## TASK GOAL
Return all lines below containing the word "Building".

(Brief descriptive captions)
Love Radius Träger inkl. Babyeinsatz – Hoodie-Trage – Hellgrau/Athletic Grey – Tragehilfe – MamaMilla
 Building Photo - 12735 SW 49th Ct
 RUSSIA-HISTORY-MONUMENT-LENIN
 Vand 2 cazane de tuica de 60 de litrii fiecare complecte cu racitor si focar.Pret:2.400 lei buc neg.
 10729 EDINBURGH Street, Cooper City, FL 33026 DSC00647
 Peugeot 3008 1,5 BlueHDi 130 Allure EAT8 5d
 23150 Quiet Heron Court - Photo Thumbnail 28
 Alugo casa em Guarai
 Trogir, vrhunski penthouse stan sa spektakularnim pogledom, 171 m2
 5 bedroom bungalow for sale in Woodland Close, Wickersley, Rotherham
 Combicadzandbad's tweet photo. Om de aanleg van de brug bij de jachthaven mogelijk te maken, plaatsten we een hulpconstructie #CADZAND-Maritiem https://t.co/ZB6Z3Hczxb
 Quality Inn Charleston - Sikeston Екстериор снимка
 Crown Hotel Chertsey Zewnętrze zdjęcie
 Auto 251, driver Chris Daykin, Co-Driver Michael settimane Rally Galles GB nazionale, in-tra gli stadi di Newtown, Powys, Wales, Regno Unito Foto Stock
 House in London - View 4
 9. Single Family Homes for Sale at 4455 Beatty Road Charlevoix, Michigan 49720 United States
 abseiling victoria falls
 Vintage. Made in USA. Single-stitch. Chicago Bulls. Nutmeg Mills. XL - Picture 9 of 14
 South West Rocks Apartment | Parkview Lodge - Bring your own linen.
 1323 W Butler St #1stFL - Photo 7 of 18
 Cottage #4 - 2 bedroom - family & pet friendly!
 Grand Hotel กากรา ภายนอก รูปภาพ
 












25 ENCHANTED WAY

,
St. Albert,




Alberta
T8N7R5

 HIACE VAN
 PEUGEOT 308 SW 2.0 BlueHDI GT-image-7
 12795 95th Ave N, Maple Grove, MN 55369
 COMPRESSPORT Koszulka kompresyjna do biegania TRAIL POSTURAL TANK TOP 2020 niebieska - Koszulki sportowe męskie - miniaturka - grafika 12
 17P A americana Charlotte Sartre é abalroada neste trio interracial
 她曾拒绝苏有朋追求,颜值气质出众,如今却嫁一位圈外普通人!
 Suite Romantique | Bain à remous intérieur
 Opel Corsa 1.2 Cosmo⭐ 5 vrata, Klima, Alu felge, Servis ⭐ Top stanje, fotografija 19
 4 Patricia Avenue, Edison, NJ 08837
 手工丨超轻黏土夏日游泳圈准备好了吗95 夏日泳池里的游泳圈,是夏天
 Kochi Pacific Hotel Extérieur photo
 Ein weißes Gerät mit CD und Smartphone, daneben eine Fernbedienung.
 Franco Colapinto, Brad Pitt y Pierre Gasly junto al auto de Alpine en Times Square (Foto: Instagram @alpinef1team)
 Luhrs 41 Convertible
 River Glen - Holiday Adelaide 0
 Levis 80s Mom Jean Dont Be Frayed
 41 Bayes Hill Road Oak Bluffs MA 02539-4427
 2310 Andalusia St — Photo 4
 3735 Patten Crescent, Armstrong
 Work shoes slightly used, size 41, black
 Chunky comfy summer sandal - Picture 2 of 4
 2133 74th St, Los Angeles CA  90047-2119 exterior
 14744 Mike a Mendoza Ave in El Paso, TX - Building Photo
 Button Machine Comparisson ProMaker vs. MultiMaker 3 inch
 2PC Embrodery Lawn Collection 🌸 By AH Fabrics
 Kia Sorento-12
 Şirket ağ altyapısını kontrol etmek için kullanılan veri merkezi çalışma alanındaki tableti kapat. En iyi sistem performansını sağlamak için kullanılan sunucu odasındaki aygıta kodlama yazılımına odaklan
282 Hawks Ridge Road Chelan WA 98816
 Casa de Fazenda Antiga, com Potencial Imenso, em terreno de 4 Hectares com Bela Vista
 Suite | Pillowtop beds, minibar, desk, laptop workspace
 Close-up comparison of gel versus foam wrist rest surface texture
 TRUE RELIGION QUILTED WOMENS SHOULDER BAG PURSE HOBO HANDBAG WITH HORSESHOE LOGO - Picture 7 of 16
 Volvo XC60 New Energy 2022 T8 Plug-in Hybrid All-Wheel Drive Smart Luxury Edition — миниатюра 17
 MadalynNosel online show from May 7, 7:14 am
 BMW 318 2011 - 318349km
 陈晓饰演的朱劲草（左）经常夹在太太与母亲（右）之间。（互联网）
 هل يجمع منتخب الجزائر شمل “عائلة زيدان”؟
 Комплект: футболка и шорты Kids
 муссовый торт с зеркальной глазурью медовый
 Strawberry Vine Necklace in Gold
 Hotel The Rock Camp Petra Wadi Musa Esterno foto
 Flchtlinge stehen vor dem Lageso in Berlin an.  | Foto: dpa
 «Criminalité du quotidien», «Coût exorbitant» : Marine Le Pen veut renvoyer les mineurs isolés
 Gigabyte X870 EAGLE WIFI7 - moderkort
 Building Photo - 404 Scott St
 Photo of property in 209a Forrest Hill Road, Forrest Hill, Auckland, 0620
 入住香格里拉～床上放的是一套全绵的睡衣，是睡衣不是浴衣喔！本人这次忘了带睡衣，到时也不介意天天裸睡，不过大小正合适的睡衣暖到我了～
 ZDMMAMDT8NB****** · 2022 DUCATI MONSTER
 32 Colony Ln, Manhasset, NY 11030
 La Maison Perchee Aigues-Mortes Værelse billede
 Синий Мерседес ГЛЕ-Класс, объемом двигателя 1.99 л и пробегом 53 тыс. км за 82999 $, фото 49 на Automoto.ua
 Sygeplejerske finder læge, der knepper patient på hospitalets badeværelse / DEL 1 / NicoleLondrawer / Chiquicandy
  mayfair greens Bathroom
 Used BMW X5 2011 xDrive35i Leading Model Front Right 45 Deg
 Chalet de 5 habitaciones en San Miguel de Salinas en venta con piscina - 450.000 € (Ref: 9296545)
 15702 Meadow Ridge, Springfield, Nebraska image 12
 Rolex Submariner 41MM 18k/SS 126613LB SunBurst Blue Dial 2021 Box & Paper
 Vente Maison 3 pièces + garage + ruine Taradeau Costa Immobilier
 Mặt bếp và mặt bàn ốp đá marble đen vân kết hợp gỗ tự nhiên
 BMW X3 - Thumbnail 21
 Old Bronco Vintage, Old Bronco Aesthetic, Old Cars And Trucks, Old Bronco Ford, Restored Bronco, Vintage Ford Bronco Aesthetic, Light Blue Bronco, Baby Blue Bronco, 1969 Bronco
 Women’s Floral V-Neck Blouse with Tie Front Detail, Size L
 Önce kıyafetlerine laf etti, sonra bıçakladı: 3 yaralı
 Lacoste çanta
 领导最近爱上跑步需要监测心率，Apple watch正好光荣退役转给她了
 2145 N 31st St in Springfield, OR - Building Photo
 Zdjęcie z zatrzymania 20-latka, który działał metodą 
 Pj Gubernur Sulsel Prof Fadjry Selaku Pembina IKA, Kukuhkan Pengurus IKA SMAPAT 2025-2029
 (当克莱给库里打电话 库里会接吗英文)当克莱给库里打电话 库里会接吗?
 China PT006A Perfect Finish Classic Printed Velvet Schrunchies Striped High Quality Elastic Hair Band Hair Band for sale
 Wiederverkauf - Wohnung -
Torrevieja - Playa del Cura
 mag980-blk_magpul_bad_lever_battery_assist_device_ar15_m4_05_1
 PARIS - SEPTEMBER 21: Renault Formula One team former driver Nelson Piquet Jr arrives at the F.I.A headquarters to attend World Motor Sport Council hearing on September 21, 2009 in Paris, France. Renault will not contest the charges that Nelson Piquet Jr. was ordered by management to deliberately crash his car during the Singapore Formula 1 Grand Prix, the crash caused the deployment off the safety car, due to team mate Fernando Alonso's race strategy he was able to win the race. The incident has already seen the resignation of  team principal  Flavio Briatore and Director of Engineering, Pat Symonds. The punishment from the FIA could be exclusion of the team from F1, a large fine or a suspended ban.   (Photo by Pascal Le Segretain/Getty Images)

## RESULT FOR THIS EXERCISE
 Building Photo - 12735 SW 49th Ct
 14744 Mike a Mendoza Ave in El Paso, TX - Building Photo
 Building Photo - 404 Scott St
 2145 N 31st St in Springfield, OR - Building Photo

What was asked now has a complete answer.